Springtime is here! With a change of season comes the opportunity to photograph memories in a new light. With so many beautiful elements of this season, we’ve put together some smart photo tips and ideas to help you snap your best spring season yet.
Spring landscapes are colorful and the new spring growth looks great against a blue sky. To make the colors more saturated, like the crystal blue sky of spring, use a polarizing filter like the Zeikos 58mm UV Polarizer
in this set of 3 from Beachcamera.com.
Break your wide-angle lens out of hibernation and use it to incorporate a foreground view as well as the landscape in the distance. Don’t forget about your depth of field. To get everything in focus, use a higher f number, such as 11 or 22. Look for symmetrical shapes and unusual views, such as rows of strong green vegetation or views through tree blossoms.
Try to frame your landscapes with tree branches, doorways, arches, window frames, etc.
Now that the days are getting longer, take advantage of the sunrise. During this time of year when day and night temperatures vary a lot, the colors will photograph very differently early in the morning than they will late in the afternoon.
The fog and mist that spring may bring can also be an extra bonus. Try photographing from the tops of hills or mountains looking down over valleys, which may hold early morning mist and fog like a bowl. A polarizer can be useful here as well. Fog acts like a soft box and can lower the contrast of your surroundings, which can leave you with rather long exposure times, so take a tripod
from Beachcamera.com along.
The sun is still low in the sky during the spring months, and this can create problems with heavily backlit scenes. Instead of photographing your friends and family with their back to the sun, try photographing them with the sun to one side but still slightly behind them, or photograph them in the shade under a tree and use your flash
to fill in.
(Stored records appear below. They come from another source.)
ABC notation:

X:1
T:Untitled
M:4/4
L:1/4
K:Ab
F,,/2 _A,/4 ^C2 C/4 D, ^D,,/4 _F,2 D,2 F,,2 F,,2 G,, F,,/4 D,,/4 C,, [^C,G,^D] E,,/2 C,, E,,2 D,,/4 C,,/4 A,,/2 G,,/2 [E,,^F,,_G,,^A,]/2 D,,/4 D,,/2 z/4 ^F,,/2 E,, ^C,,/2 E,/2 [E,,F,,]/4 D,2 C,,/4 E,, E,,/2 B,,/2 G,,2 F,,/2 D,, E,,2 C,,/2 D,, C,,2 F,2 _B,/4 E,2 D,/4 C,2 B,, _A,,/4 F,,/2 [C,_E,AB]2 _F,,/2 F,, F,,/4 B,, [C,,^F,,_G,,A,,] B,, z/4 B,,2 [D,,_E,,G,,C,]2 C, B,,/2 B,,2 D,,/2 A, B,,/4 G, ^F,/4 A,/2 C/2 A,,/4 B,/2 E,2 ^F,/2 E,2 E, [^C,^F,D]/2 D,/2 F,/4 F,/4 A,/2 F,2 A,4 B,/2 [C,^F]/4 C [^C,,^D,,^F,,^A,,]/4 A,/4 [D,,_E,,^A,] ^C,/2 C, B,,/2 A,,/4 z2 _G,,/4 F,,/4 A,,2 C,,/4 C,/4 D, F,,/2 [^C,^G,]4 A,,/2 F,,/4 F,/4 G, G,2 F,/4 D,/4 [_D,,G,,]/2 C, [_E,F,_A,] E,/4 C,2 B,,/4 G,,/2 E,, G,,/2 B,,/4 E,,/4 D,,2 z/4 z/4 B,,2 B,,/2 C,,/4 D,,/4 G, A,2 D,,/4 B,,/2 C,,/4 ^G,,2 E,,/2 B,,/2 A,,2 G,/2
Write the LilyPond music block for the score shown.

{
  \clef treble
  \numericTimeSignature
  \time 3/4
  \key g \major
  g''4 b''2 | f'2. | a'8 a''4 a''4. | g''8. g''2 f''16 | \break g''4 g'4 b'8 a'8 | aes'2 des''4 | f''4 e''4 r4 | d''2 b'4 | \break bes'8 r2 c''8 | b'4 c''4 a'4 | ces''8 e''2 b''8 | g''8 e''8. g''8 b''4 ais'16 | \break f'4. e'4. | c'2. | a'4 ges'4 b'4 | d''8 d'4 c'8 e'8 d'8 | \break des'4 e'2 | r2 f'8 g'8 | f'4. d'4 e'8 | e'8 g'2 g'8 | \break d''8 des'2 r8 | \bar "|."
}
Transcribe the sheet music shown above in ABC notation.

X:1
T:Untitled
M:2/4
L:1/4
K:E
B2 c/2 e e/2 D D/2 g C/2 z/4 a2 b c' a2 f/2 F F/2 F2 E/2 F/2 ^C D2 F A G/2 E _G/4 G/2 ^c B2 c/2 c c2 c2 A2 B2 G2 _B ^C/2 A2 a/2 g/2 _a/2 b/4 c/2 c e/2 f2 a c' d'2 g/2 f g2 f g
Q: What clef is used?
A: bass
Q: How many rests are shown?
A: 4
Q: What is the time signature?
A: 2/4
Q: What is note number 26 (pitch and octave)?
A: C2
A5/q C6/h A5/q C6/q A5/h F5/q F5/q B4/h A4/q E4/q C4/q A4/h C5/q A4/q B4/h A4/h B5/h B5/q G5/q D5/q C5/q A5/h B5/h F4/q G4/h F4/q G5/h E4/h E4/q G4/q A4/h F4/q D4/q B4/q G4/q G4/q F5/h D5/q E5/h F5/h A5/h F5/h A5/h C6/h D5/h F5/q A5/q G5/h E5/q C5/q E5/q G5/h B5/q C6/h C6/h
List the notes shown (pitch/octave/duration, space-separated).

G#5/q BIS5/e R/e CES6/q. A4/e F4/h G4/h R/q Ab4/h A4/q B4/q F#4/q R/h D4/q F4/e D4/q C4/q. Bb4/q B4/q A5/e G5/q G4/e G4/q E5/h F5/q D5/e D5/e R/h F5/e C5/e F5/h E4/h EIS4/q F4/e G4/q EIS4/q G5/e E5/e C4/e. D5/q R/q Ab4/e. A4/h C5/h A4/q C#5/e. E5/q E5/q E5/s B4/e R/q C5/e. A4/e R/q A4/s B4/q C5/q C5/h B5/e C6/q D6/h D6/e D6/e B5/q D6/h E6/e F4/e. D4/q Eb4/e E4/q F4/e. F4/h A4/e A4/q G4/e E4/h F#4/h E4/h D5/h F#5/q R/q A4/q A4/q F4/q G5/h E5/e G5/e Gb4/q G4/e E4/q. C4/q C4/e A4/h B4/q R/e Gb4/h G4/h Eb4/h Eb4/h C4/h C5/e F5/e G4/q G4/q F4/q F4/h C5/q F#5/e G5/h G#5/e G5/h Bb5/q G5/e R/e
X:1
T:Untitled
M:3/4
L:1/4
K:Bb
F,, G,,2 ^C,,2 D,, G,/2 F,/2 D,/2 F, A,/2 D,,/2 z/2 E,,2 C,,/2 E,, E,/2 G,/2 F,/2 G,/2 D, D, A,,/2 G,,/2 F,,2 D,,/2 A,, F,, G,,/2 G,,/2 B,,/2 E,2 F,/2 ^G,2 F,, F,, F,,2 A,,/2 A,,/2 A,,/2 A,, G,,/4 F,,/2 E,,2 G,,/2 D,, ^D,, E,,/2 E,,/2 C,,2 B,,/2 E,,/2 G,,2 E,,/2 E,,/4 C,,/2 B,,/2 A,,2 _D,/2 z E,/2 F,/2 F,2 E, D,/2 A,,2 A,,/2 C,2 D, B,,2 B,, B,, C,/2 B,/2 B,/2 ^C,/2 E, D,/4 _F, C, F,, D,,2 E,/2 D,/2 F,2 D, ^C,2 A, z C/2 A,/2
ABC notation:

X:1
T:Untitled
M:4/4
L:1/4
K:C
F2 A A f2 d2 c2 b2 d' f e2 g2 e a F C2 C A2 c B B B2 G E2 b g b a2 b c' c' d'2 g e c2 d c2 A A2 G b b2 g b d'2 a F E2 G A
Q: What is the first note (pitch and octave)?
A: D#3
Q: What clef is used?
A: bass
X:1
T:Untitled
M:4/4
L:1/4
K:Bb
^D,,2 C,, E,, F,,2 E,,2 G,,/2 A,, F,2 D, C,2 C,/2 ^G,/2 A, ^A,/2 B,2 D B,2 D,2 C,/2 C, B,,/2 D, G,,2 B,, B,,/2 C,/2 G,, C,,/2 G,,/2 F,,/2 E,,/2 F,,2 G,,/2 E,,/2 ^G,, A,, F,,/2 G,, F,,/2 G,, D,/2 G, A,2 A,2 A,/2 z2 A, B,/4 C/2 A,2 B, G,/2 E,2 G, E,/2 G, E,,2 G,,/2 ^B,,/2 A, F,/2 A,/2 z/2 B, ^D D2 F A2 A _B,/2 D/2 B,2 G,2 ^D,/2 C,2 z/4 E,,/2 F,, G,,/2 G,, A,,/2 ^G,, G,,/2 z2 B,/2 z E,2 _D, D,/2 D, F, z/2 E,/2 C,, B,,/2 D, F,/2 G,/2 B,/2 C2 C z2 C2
Try using a low f-number on your lens
to throw the background out of focus.
Look for patterns and for the abstract when photographing flowers. Get down low and zoom right into the flower or use a wider angle lens like the Canon USM Ultra Wide Angle Zoom
and a depth of field of around f/5.6.
Break the rules, too. Flowers look great with the sun behind them. Be careful not to underexpose your image. If you’re looking into the sun, you may have to use your exposure compensation at +1 or +2.
Spring paints nature in bright vivid color combinations just waiting to be captured in photos. So get out there and embrace spring and start shooting.